The trace facility helps you isolate system problems by monitoring selected system events. Events that can be monitored include: entry and exit to selected subroutines, kernel routines, kernel extension routines, and interrupt handlers. When the trace facility is active, information about these events is recorded in a system trace log file. The trace facility includes commands for activating and controlling traces and generating trace reports. Applications and kernel extensions can use several subroutines to record additional events.
For more information on the trace facility, refer to the following:
The trace facility is in the bos.sysmgt.trace file set. To see if this file set is installed, use
lslpp -l | grep bos.sysmgt.trace
If a line is produced which includes bos.sysmgt.trace then the file set is installed, otherwise you must install it.
The following topics are discussed:
The AIX system trace facility records trace events which can be formatted later by the trace report command. Trace events are compiled into kernel or application code, but are only traced if tracing is active.

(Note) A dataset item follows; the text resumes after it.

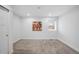 Carpeted bedroom featuring neutral colored walls and a window that allows ample natural light at 3028 N Gilpin St, Denver, CO 80205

Tracing is activated with the trace command or the trcstart subroutine. Tracing is stopped with either the trcstop command or the trcstop subroutine. While active, tracing can be suspended or resumed with the trcoff and trcon commands, or the trcoff and trcon subroutines.
Once the trace has been stopped with trcstop, a trace report can then be generated with the trcrpt command. This command uses a template file, /etc/trcfmt, to know how to format the entries. The templates are installed with the trcupdate command. For a discussion of the templates, see the trcupdate command.
The trace command starts the tracing of system events and controls the trace buffer and log file sizes. This command is documented in the article on the trace daemon in the Command's Reference.
There are three methods of gathering trace data.
You will usually want to run the trace command asynchronously, in other words, you want to enter the trace command and then continue with other work. To run the trace asynchronously, use the -a flag. You must then stop the trace with the trcstop command.
It is usually desirable to limit the information that is traced. Use the -j events or -k events flags to specify a set of events to include (-j) or exclude (-k). Note, however, that to be able to display the program names associated with trace hooks, certain hooks must be enabled. These are given in the trace command article. These hooks may also be enabled by selecting the tidhk trace hook group from SMIT.
For example, if you want to trace the mbuf hook, 254, and show program names also, you need to run trace as follows:
trace -aj 106,10c,134,139,465,254
trcrpt -O exec=on
The hooks needed for showing the program name may change from release to release, so please check the trace command article. The -O exec=on trcrpt option shows the program names, see the trcrpt command.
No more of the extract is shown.